Task data section start

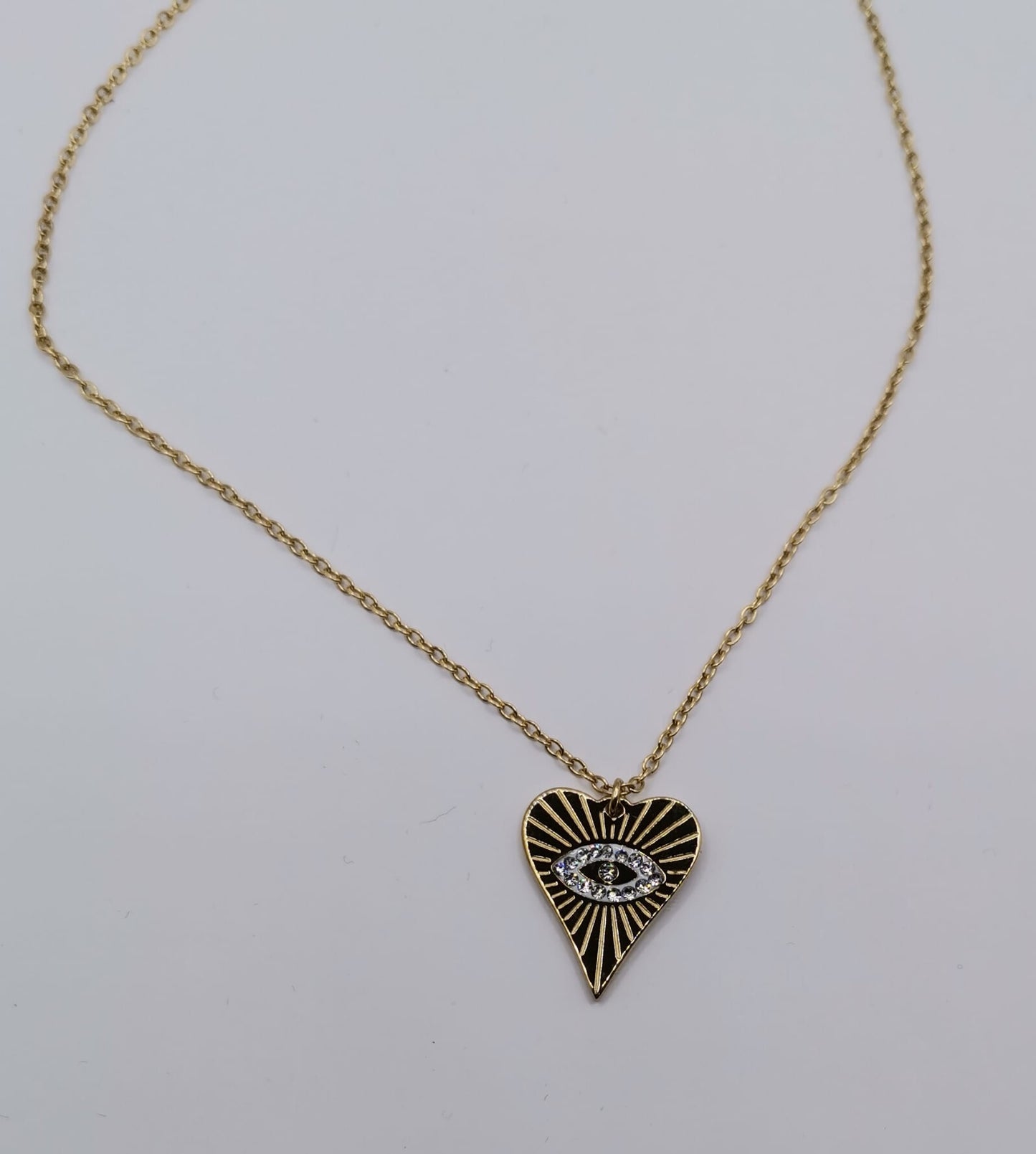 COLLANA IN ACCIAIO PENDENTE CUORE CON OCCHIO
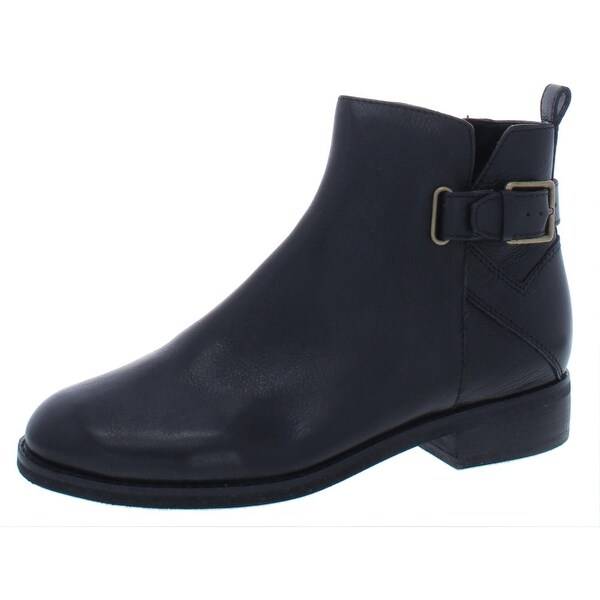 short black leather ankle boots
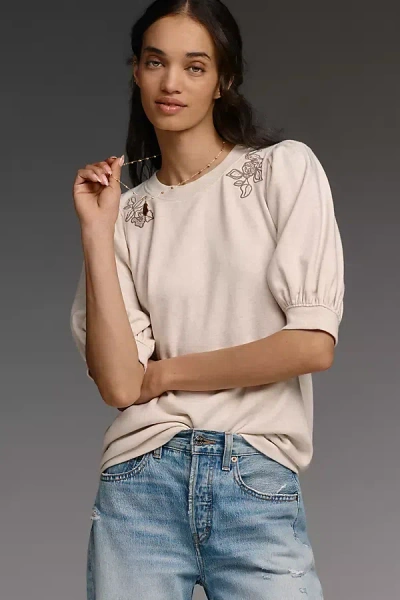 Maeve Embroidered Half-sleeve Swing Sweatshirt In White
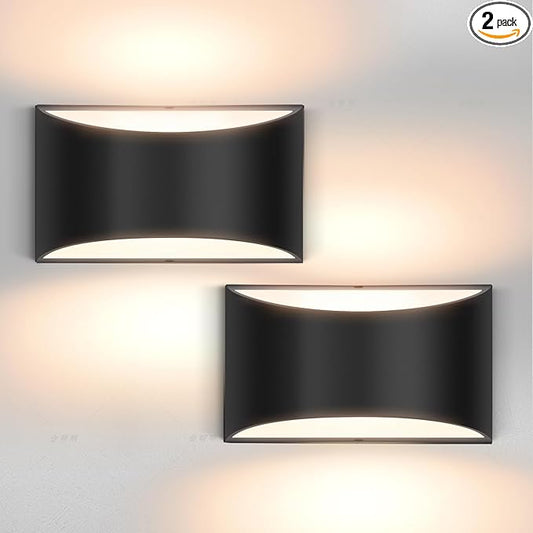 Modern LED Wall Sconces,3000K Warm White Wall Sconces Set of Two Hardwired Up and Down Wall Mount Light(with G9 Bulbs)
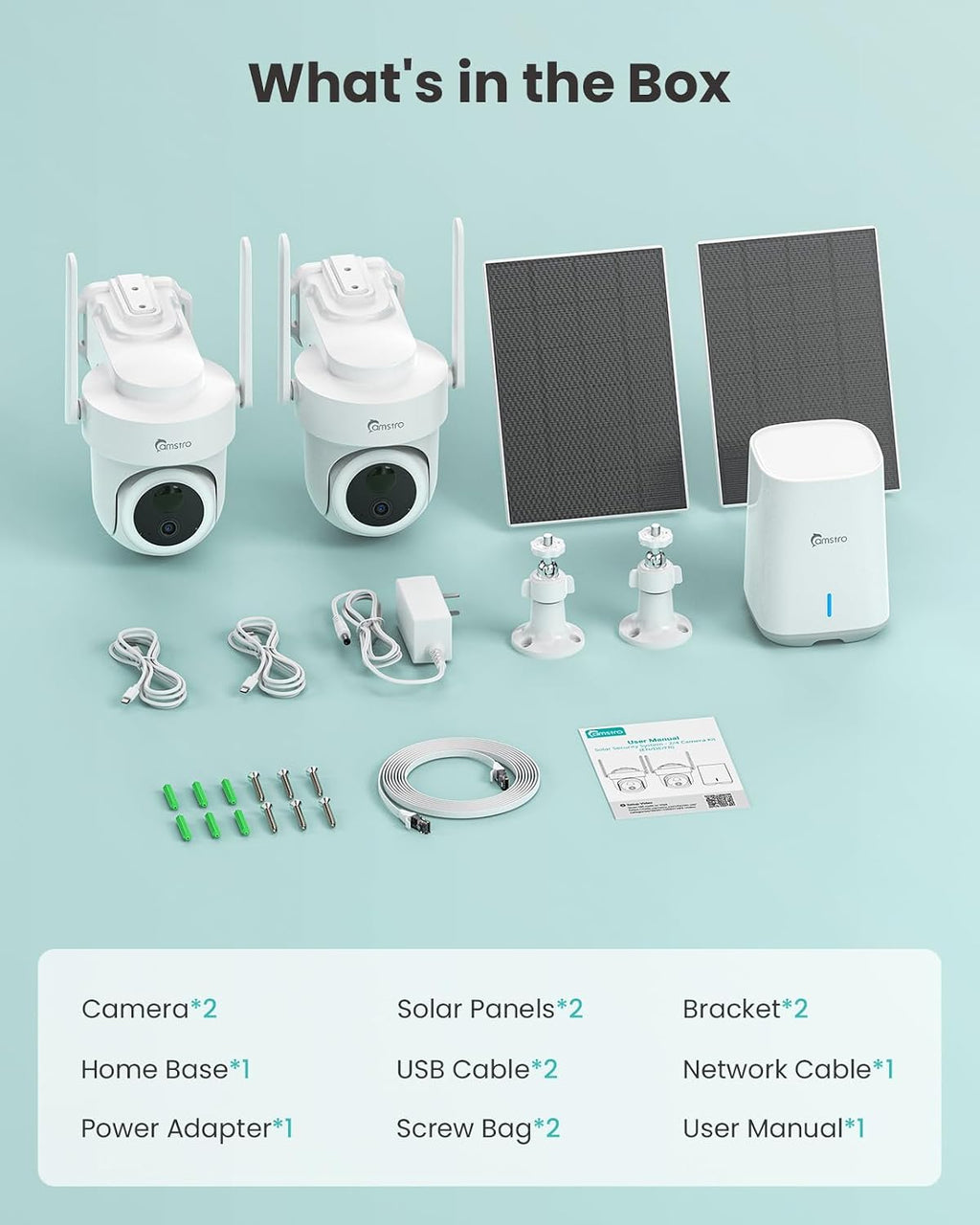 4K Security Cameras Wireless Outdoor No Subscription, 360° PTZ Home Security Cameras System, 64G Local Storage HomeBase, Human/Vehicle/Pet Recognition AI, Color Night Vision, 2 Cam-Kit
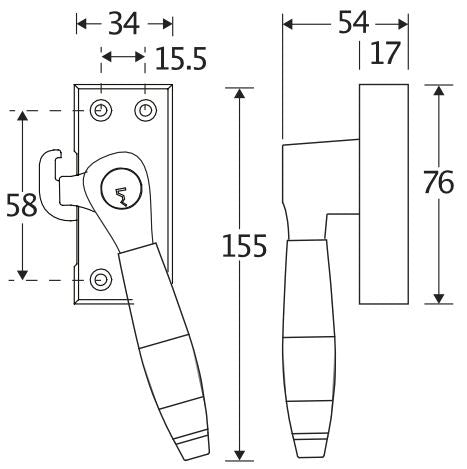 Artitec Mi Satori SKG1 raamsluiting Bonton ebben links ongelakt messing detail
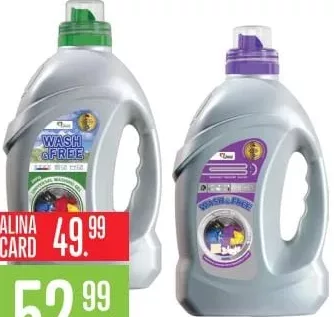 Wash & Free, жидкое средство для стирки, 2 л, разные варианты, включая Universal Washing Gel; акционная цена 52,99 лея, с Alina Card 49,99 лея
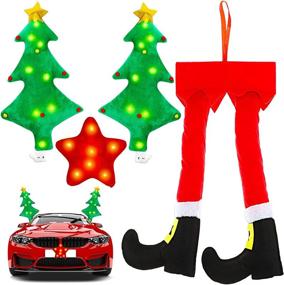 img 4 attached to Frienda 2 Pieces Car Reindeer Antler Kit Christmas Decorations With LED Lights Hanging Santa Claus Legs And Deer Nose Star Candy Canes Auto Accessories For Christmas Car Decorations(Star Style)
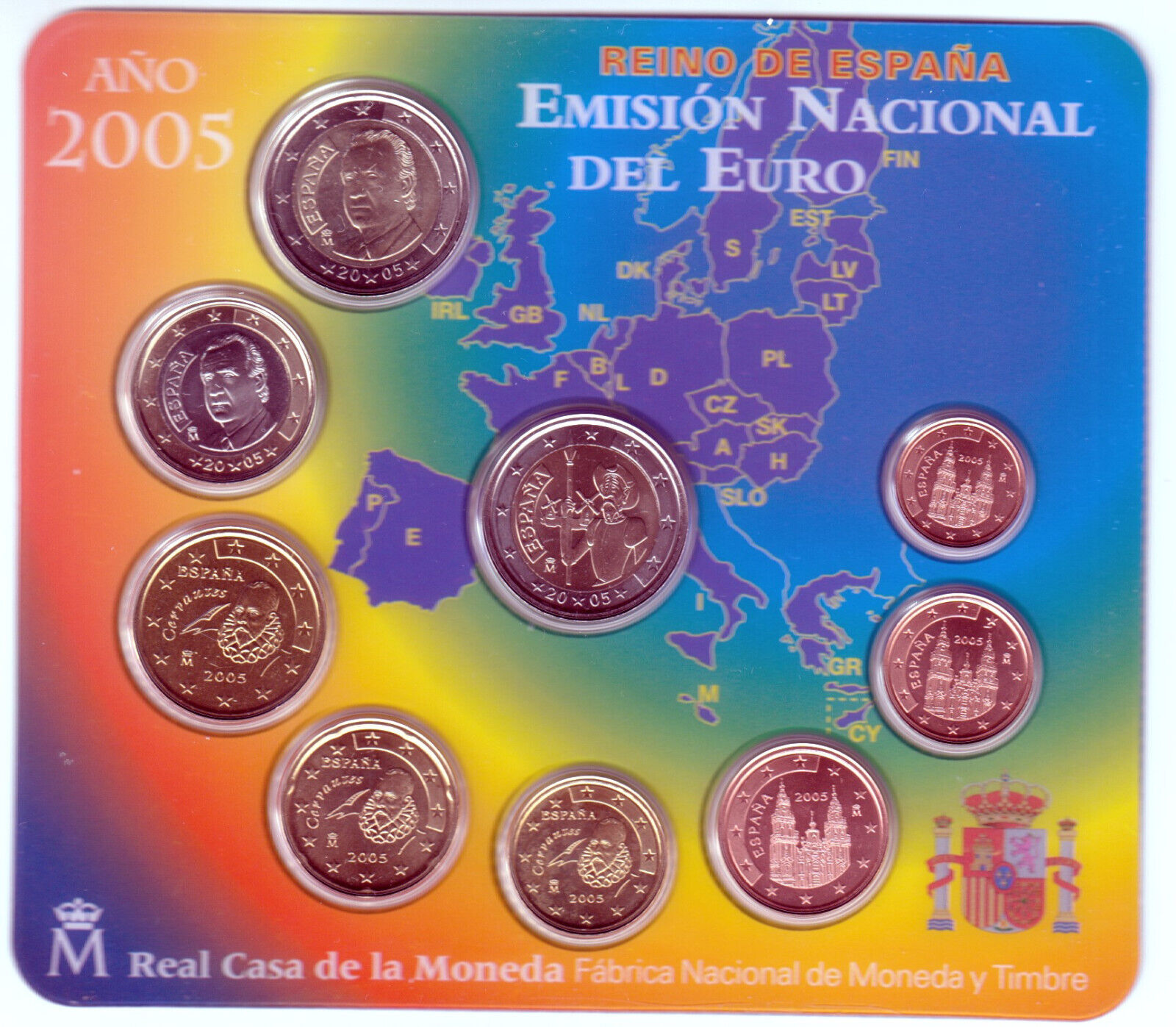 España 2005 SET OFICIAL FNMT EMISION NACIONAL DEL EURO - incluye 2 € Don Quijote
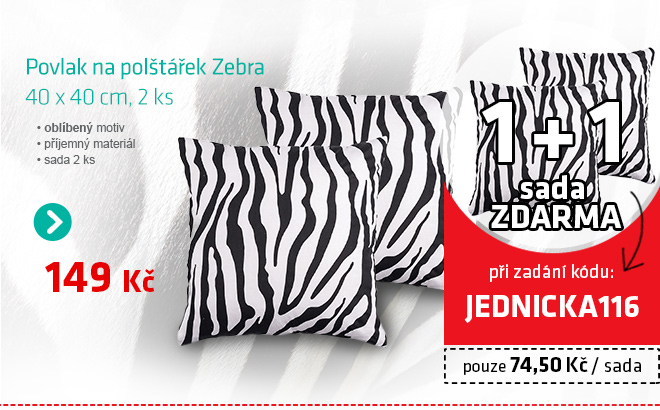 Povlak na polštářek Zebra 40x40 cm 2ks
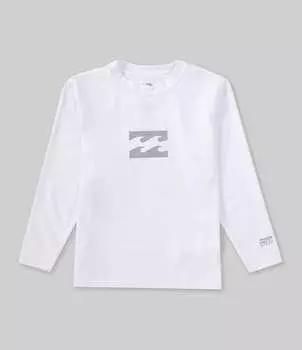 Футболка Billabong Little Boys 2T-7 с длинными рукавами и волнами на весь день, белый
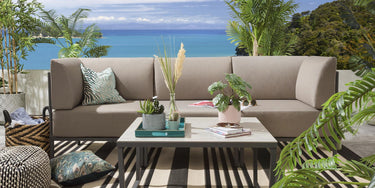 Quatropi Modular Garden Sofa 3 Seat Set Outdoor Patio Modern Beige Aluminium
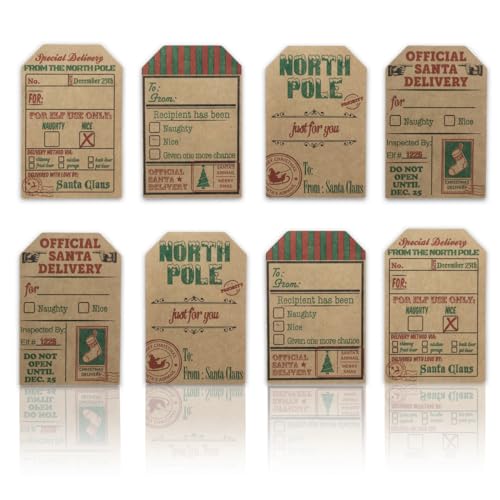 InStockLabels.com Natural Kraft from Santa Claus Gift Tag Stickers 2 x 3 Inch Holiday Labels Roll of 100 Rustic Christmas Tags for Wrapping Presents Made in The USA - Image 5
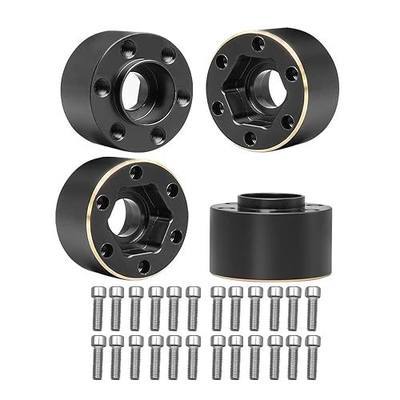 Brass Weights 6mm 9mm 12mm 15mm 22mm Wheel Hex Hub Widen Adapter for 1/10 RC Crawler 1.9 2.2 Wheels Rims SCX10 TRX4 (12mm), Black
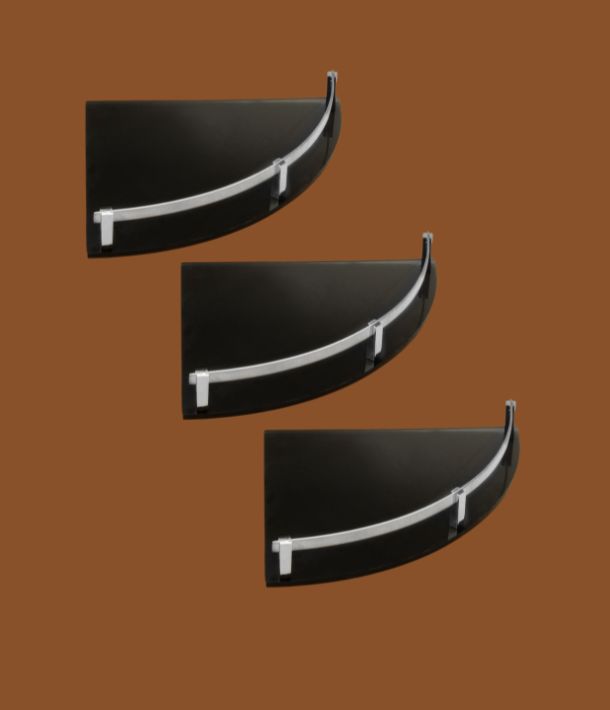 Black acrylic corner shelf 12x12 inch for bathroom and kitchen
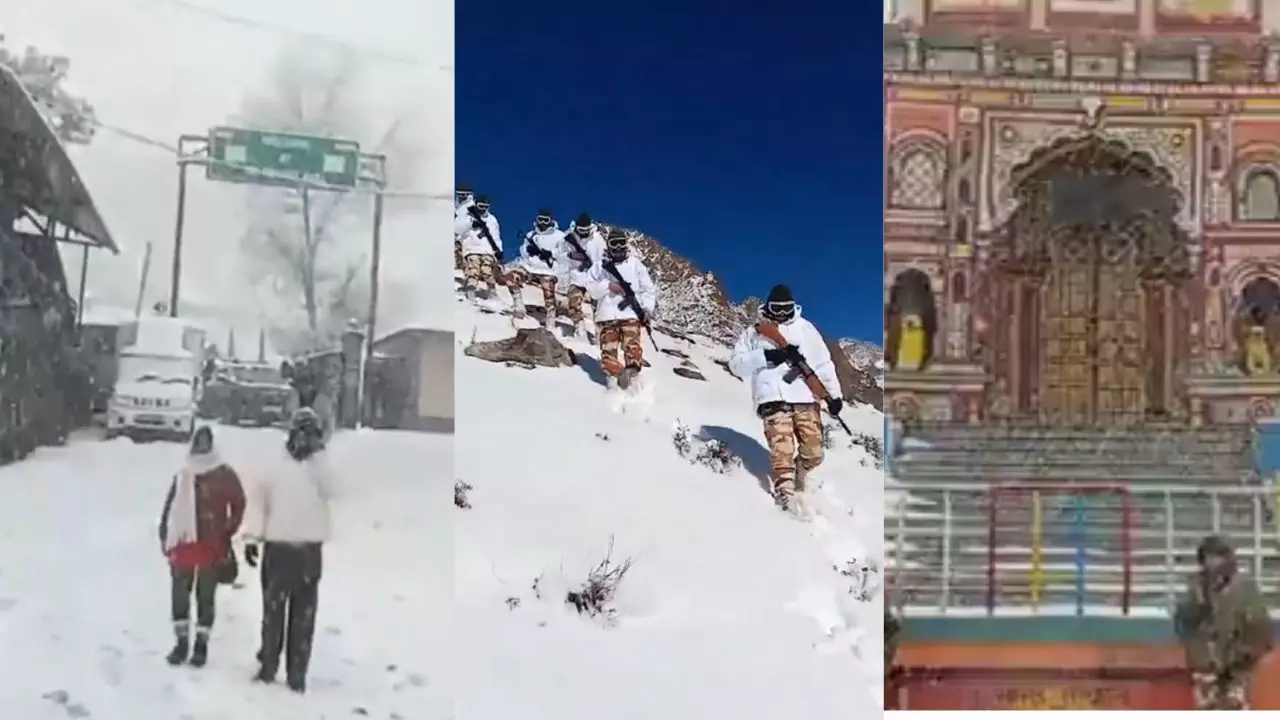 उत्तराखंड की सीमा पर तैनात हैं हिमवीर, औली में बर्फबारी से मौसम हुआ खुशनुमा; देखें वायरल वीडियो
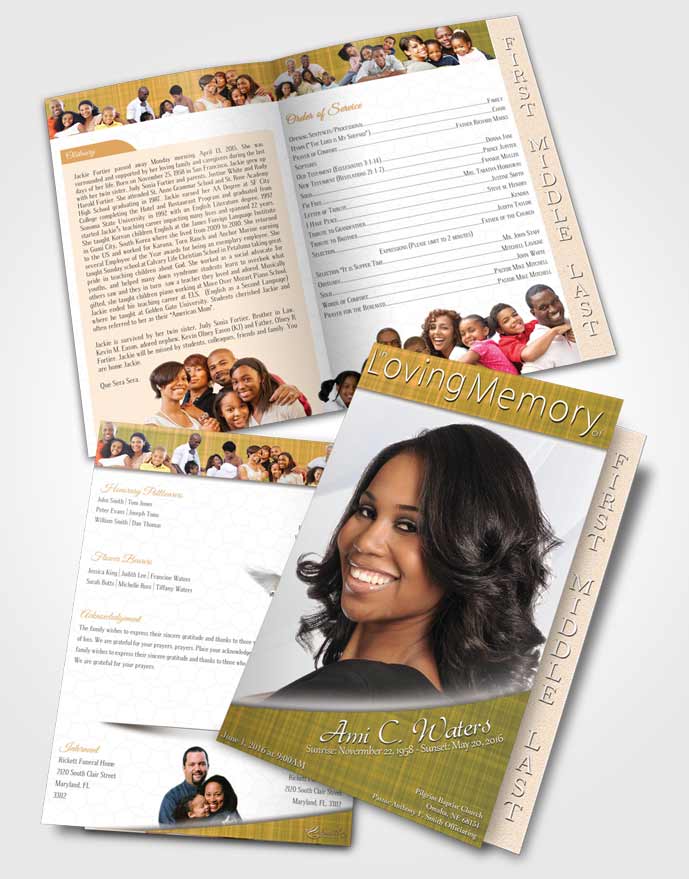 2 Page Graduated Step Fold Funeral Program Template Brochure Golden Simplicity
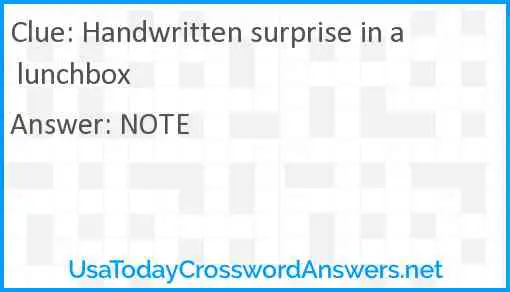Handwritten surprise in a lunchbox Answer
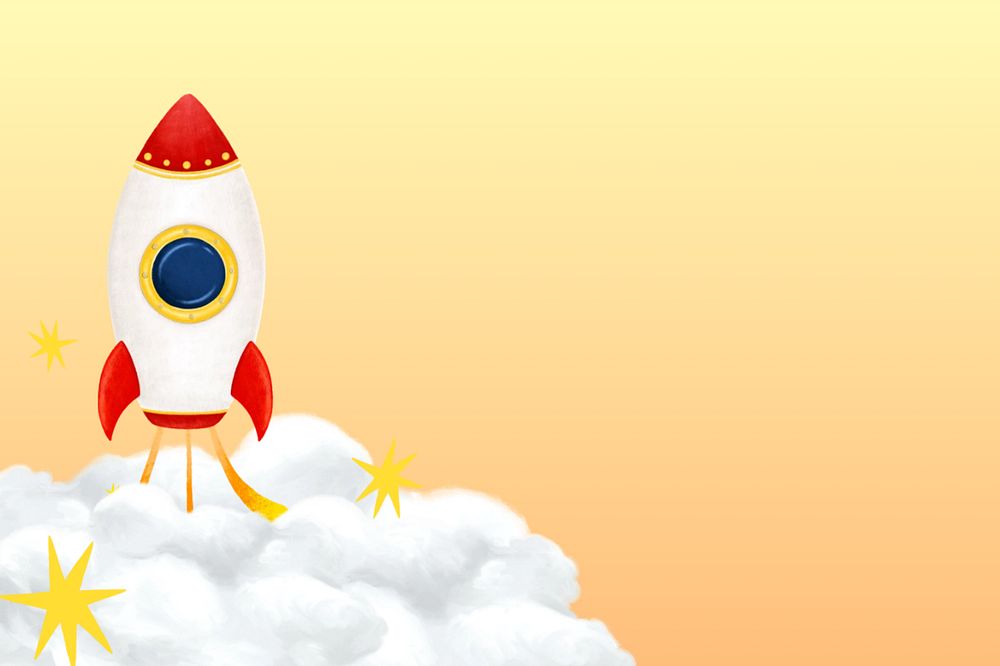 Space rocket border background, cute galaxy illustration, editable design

Task data section end

:: To do ::
Going from the line that holds "InStockLabels.com Natural Kraft" to the end of the listing above, copy each line exactly and nothing more, leaving pictures aside.

:: Exercise answer ::
 InStockLabels.com Natural Kraft from Santa Claus Gift Tag Stickers 2 x 3 Inch Holiday Labels Roll of 100 Rustic Christmas Tags for Wrapping Presents Made in The USA - Image 5
 Brass Weights 6mm 9mm 12mm 15mm 22mm Wheel Hex Hub Widen Adapter for 1/10 RC Crawler 1.9 2.2 Wheels Rims SCX10 TRX4 (12mm), Black
 Black acrylic corner shelf 12x12 inch for bathroom and kitchen
 उत्तराखंड की सीमा पर तैनात हैं हिमवीर, औली में बर्फबारी से मौसम हुआ खुशनुमा; देखें वायरल वीडियो
 2 Page Graduated Step Fold Funeral Program Template Brochure Golden Simplicity
Handwritten surprise in a lunchbox Answer
 Space rocket border background, cute galaxy illustration, editable design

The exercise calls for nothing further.